EXERCISE DETAILS: Retype, word for word, the line holding "bet9js shop|Bet9ja Shop: How" and each line after it down to the end of the data; pictures are not copied.

DATASET EXTRACT:
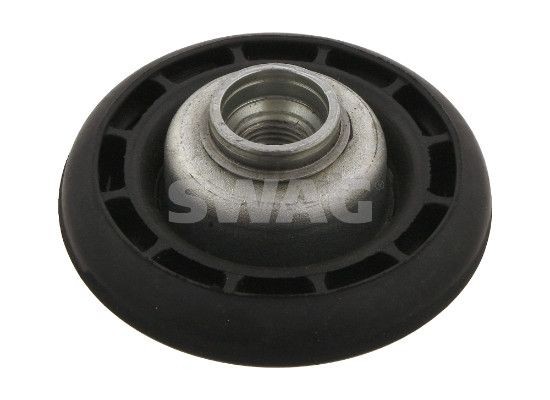 SWAG Jousilautanen 60 56 0003 Renault Kangoo kc01 jousilautanen SWAG 60 56 0003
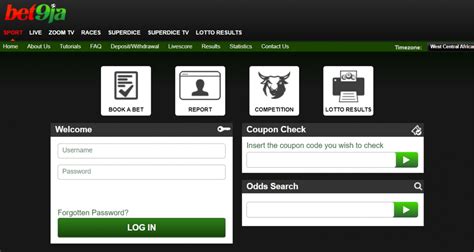 bet9js shop|Bet9ja Shop: How to Open & Register, Mobile Bet 9ja Shop.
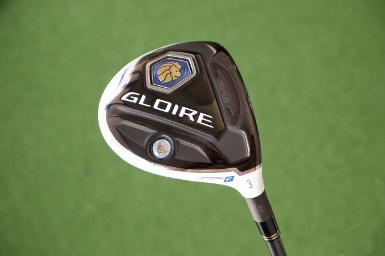 รหัสสินค้า 2100232866806 ไม้กอล์ฟพรีเมี่ยม!!! ราคาถูกที่สุดในประเทศไทย!!! FAIRWAY WOOD TAYLORMADE G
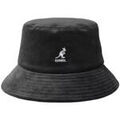 Chapeau Kangol CORD BUCKET Grenoble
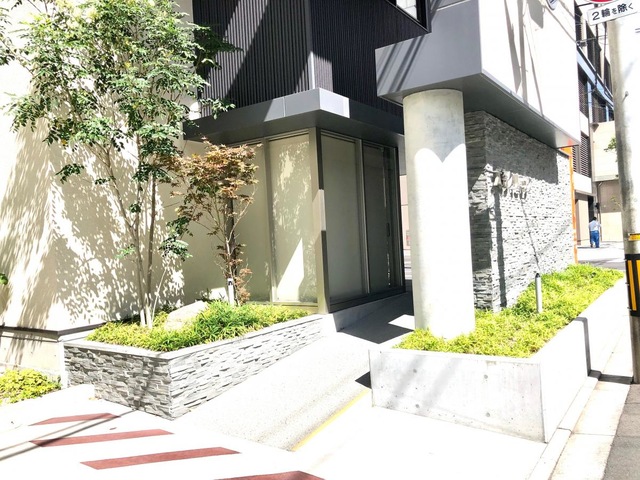 投稿写真8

RESPONSE BELOW:
 bet9js shop|Bet9ja Shop: How to Open & Register, Mobile Bet 9ja Shop.
 รหัสสินค้า 2100232866806 ไม้กอล์ฟพรีเมี่ยม!!! ราคาถูกที่สุดในประเทศไทย!!! FAIRWAY WOOD TAYLORMADE G
 Chapeau Kangol CORD BUCKET Grenoble
 投稿写真8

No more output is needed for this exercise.